Das alles funktioniert nur deshalb, weil wir (die reichen Nordvölker, incl. der uns hier arm erscheinenden Menschen mit Mindesteinkommen) etwa bei unseren Supermarktketten angeblich auf  niedrigste Preise drücken und dann – wenn wir "billig" eingekauft haben, doch bis zu 1/3 unserer Nahrung als Überschuss verrotten lassen oder wegwerfen.

Dagegen und gegen die vielen anderen Ungerechtigkeiten der Welt und der Gesellschaft bei uns wäre ein Aufschrei der Kirchen und Religionsgemeinschaften vonnöten – davon liest man in offiziellen Papieren dieser sog. Kirchen (Gemeinschaft der Gläubigen) leider kein Wort.
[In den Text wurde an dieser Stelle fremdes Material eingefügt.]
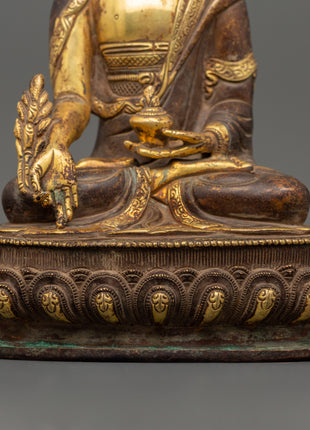 Medicine Buddha Figurine | The Healing Deity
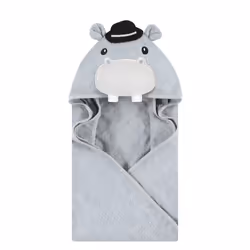 Hudson Baby 10314857_HIPPO_ONESIZE, Cotton, Boy/Girl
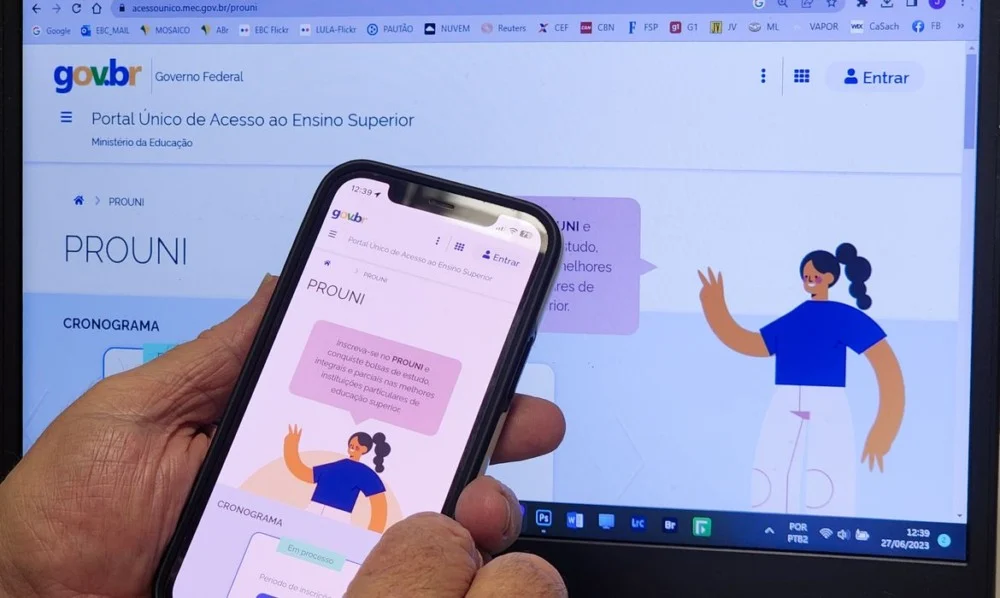 Prouni divulga segunda chamada; documentos devem ser enviados até dia 14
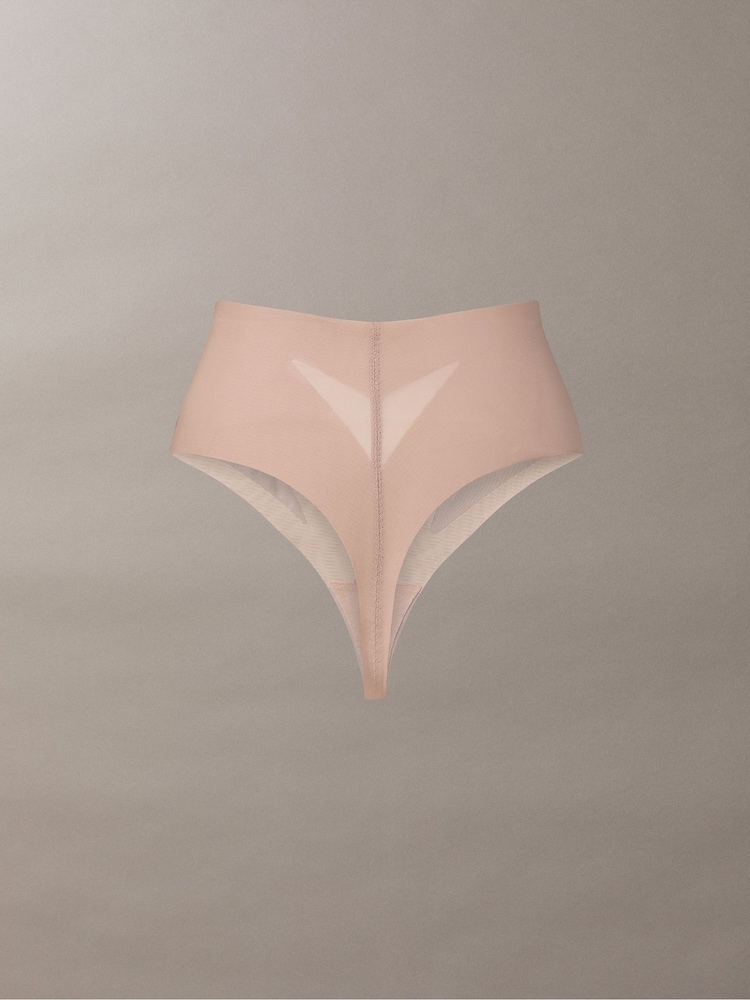 Calvin Klein 塑身丁字裤 - 保持网格 - 7的图像7｝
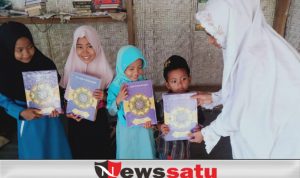 PIJP Bagikan Al-Qur’an untuk Mushola dan Santri Ngaji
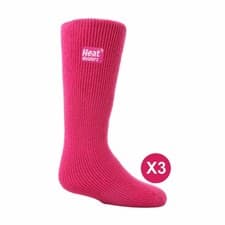 Image of 3 Pairs Childrens Ultimate Warm 2.3 TOG Winter Thermal Socks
Sich nicht dem wirtschaftlichen Wachstum verschreiben, sondern anderem Wachstum

Es geht den Autoren wohl nur um die gerechte (hiesige) Gesellschaft, nicht um die gerechte Welt! Das ist kein Aufruf zum wirklichen "Verzicht auf zu viel Konsum" in unseren Haushalten in unseren Regionen, nichts davon ist uns bekannt geworden, vielmehr wird aller Orten dem sog. "Wachstum" gehuldigt – übrigens war das auch so in der politischen Werbung für die EU-Parlamentswahlen und ist so in der EU- bzw. nationalen Tagespolitik!  

Daher ist die vorliegende Fassung des Sozialwortes total unausgewogen im Sinne unseres christlichen Glaubens, ja stellt u.E. eine Sünde dar im Sinne der Jesus-Worte und Werke und wirkt bei nicht-christlichen Menschen sicher nicht missionarisch, sondern selbstherrlich-egoistisch! Gefordert wäre stattdessen in den Worten der Kirche eine deutliche Stellungnahme zugunsten eines anderen als dem wirtschaftlichen Wachstums, nämlich zugunsten des Wachstums der Liebe, der Demut, der Mitmenschlichkeit, der Ehrlichkeit und Nächstenliebe usw. Die Krchen in unserer Zeit sollten hauptsächlich für diese Ziele werben und nicht – wie auf Seite 17 lesbar – behaupten, "nur eine verantwortlich gestaltete Marktwirtschaft ist geeignet, …". Alternativ zu solchen überholten Formen lassen sich wohl auch menschenwürdigere Staats-, Sozial- und Wirtschaftssysteme finden und erproben und wären wohl von Christen eher zu fordern und von Kirchen primär zu unterstützen!